### EXERCISE MATERIAL
--*--
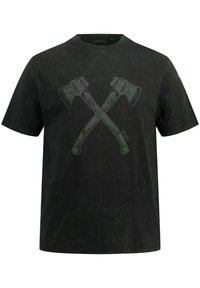 Sort bomulds T-shirt med et grafisk print af to krydsede kvarter i grønt. Korte ærmer og rund halsudskæring med en tekstureret overflade.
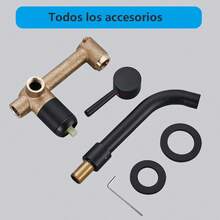 Matte Black Wall Mounted Single Handle Basin Faucet - A - View 8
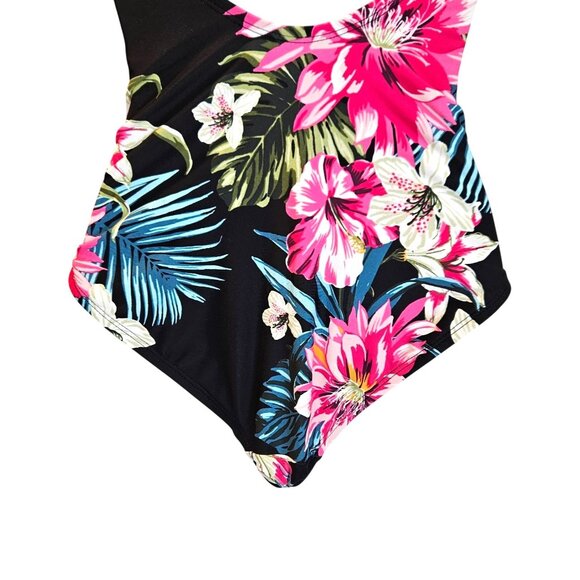 Kona Sol Womens High Coverage One-Piece Swimsuit Tropical Floral Print XS Beach - Picture 8 of 13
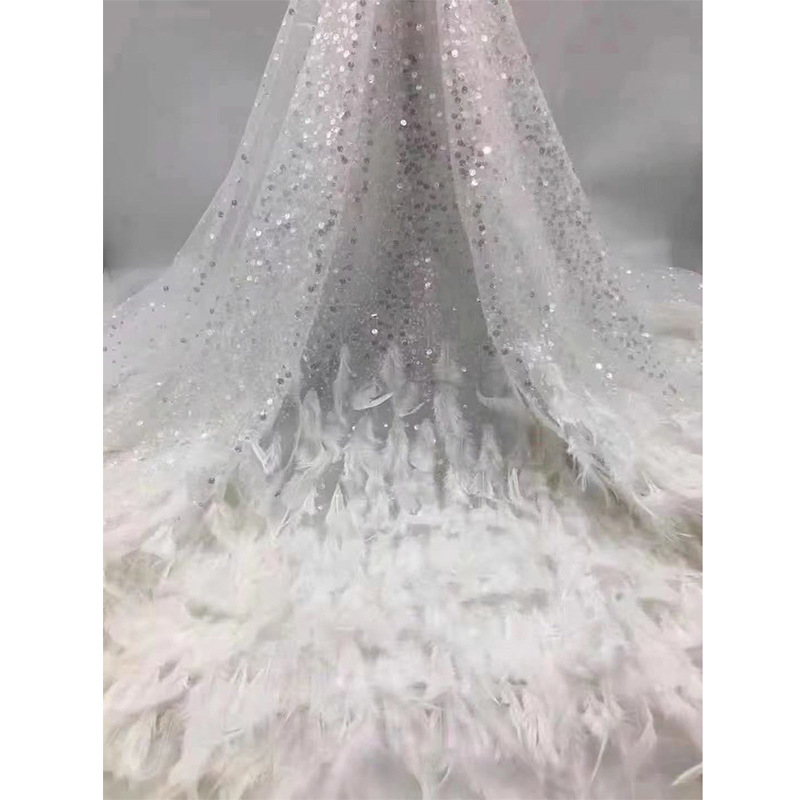 Vestido de lentejuelas con fino estampado floral, estilo europeo y americano, vestido de lentejuelas azules con bordado de plumas, tela con bordado tridimensional.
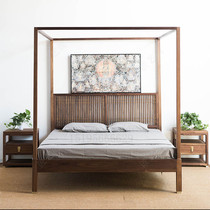New Chinese-style canopy bed solid wood double modern minimalist four-poster bed master bedroom light luxury homestay inn barbed bed customization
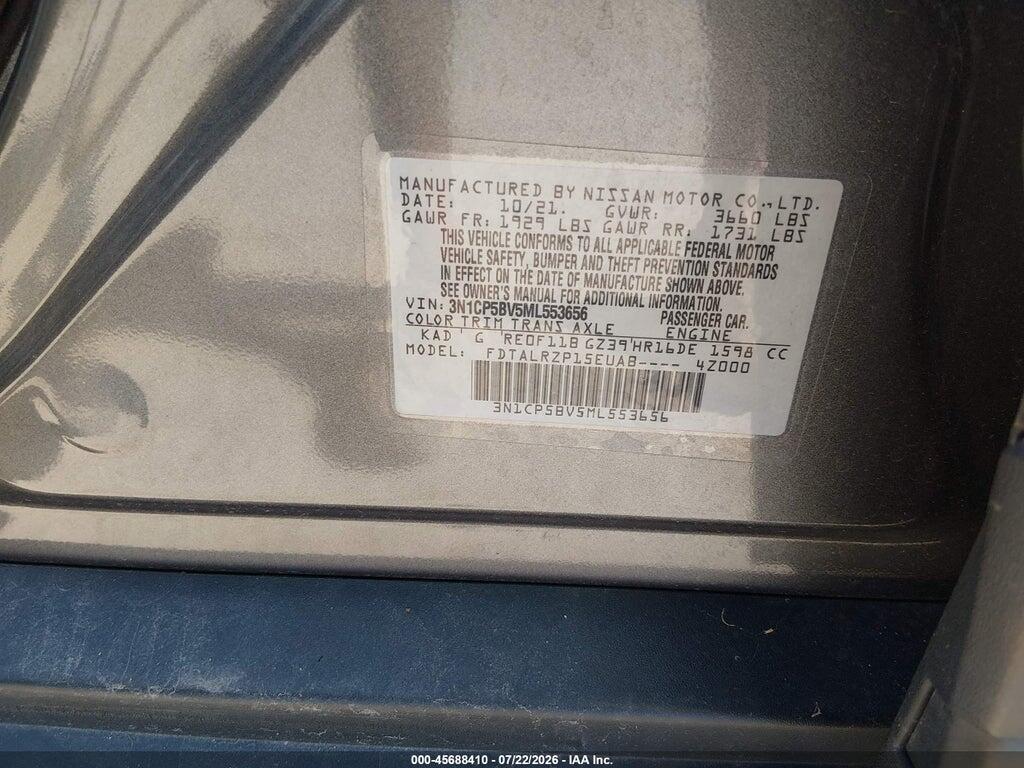 3N1CP5BV5ML553656 2021 NISSAN KICKS photo no. 9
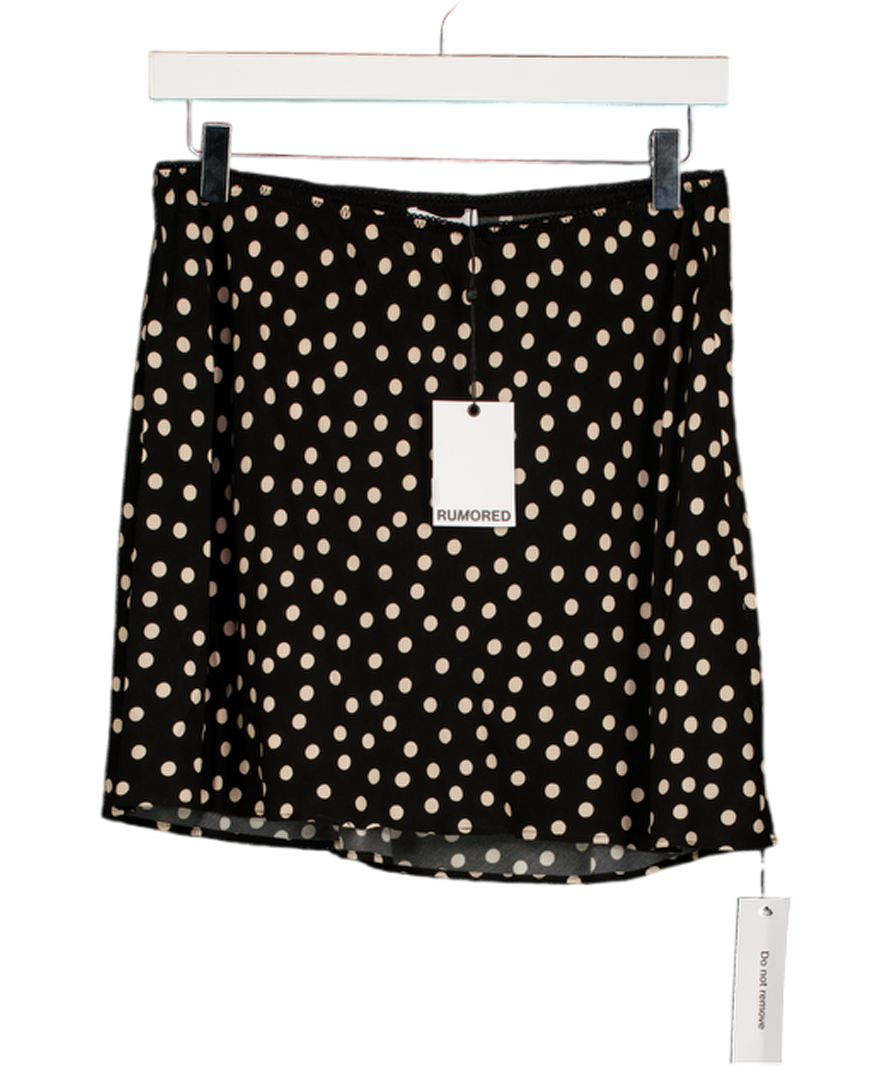 RUMORED Black Ditsy Dot Silhouette Mini Skirt UK M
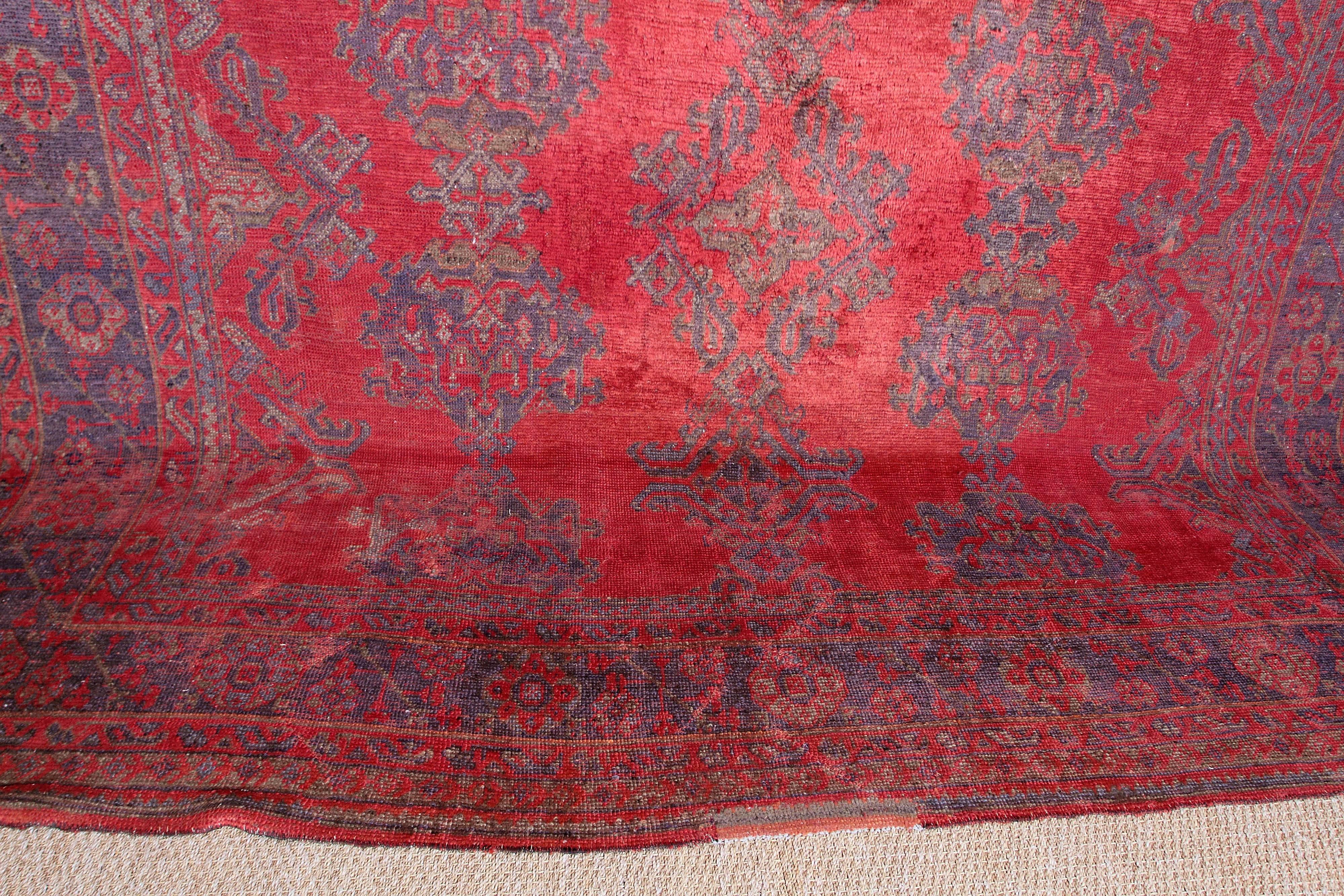 Antique Turkish Oushak Carpet 4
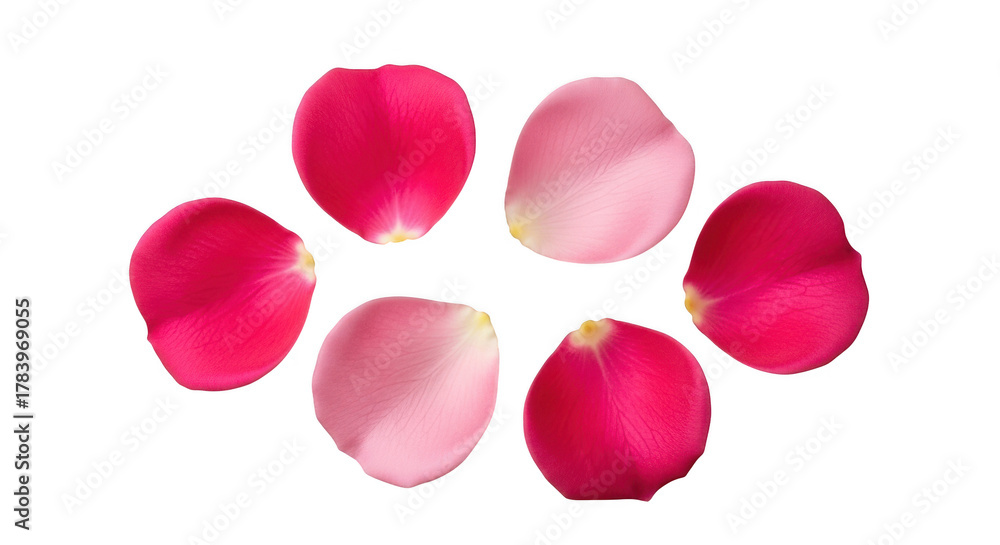 Fototapeta premium Six vibrant rose petals arranged in a circle on a black background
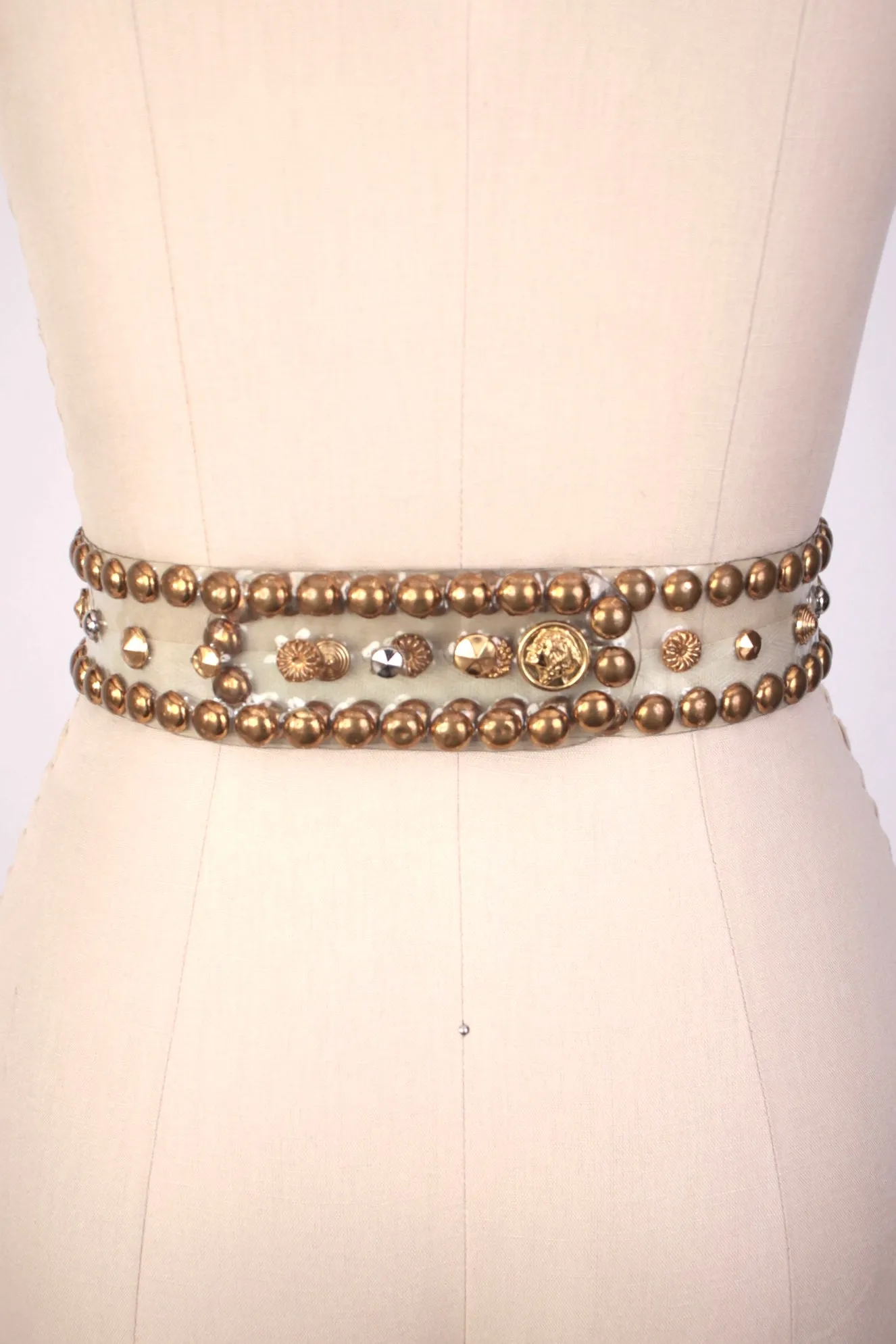 1990s Vinyl Brass Studded Belt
--*--
### YOUR INSTRUCTIONS
Word for word, return the entries above, but without any pictures.

### ANSWER SECTION
 Sort bomulds T-shirt med et grafisk print af to krydsede kvarter i grønt. Korte ærmer og rund halsudskæring med en tekstureret overflade.
 Matte Black Wall Mounted Single Handle Basin Faucet - A - View 8
 Kona Sol Womens High Coverage One-Piece Swimsuit Tropical Floral Print XS Beach - Picture 8 of 13
 Vestido de lentejuelas con fino estampado floral, estilo europeo y americano, vestido de lentejuelas azules con bordado de plumas, tela con bordado tridimensional.
New Chinese-style canopy bed solid wood double modern minimalist four-poster bed master bedroom light luxury homestay inn barbed bed customization
 3N1CP5BV5ML553656 2021 NISSAN KICKS photo no. 9
 RUMORED Black Ditsy Dot Silhouette Mini Skirt UK M
 Antique Turkish Oushak Carpet 4
 Fototapeta premium Six vibrant rose petals arranged in a circle on a black background
 1990s Vinyl Brass Studded Belt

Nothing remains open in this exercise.